Over time, you can use the more advanced Karvonen formula to attain a more accurate target heart rate (THR). This method incorporates resting heart rate (RHR) with age, and leads to heart rate zones substantially higher than the “220 minus age” approach. The Karvonen formula is:
THR = [(MHR – RHR) x target percentage] + RHR
For example, where 220 – age = MHR, a 37-year-old with a resting heart rate of 65 would calculate his 75 percent THR as follows:
220 – 37 = 183 for MHR
[(183-65) x .75] + 65 = (118 x .75) + 65 = 88.5 + 65 = 153.5
As we can see, the 75 percent THR of 153.5 is much greater than simply taking 75 percent of the MHR of 183 (~137). Therefore, simply moving from “220 minus age” to the Karvonen method can increase intensity quite a bit.
If you want even greater accuracy, and the ability to adjust THR based on daily stress levels, I recommend picking up a Morpheus. This tool, created by well-regarded strength and conditioning specialist Joel Jamieson, takes into account factors such as sleep, heart rate variability, muscle soreness, and subjective well-being to give you a different training zone each day. In my experience, these adjustments provide more appropriate targets for any given day, and allow for more consistent training without overtraining.

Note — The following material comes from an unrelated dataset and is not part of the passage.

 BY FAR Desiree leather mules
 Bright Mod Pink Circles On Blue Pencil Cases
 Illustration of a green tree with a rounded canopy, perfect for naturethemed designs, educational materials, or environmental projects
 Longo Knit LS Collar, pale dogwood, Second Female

Varying mode, intensity, and duration
In my experience, the most important factor for programming cardiovascular fitness is variability.
This means we want as many options as possible for elevating and attaining a THR for an intended time period. These options allow us to reduce boredom, improve athleticism, and limit the inevitable joint strain that comes from performing the same movements in the same way over and over.

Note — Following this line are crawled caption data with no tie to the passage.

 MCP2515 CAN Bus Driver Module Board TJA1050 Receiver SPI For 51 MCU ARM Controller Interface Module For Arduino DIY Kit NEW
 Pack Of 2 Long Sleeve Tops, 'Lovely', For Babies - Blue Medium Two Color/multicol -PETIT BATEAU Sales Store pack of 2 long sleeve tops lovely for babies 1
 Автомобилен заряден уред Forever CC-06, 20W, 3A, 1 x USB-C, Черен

Finding variability starts with exploration, as discussed earlier. Along with varying movements and training modes, we also want to vary the intensity of the heart rate zones attained, as well as the duration spent within them.
Generally, the higher the heart rate zone, the lower the duration, and vice versa. For an example of how this programming all comes together, follow the link for a sample 12-week program.
Step 4: Reassess
This final step involves simply re-testing the baselines found in step 2. As a review, we found baselines for the following:
- Resting heart rate (RHR)
- Heart rate recovery (HRR)
- Estimated maximal oxygen consumption (VO2 max)

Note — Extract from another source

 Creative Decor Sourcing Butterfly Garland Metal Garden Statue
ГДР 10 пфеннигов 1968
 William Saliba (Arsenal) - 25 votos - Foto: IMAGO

We will be routinely reassessing our RHR and HRR at least weekly. For the estimated VO2 max test, we can re-measure it about every four weeks to track our progress as we move through the program.
As a word of warning, try not to get discouraged if progress with these numbers isn’t linear. There are many variables at play (sleep, stress, testing position).
Therefore, when reassessing, pay attention to larger trends demonstrating obvious progress, rather than small changes day to day. Many heart rate tracking apps, such as Polar, Fitbit, and Morpheus, plot and save the data from your workouts making these trends easy to visualize.
Furthermore, progress is often felt qualitatively as much as quantitatively, so keep an eye out for the following changes:
- It feels easier to be consistent with training.
- It feels easier to attain or maintain the THR zones programmed.
- You feel more athletic by being more proficient with a wider variety of movements.
Conclusion: Final thoughts on better cardio
Cardiovascular exercise is too valuable for our health to be “hated.” The popular disdain from cardio stems from misunderstanding or a lack of creativity. As a trainer, you can do better—and you’ll provide much better service to your clients as a result.
The simple acts of monitoring your heart rate and training within heart rate zones will completely change your mindset. Start simple with the “220 minus your age” and then progress to more accurate (and challenging) heart rate training methods.
Remember: Any movement can be cardio if you’re paying attention to your heart rate. Set zones and stick with them during workouts. Varying intensity, duration, and movement will help your clients feel like younger, healthier versions of themselves.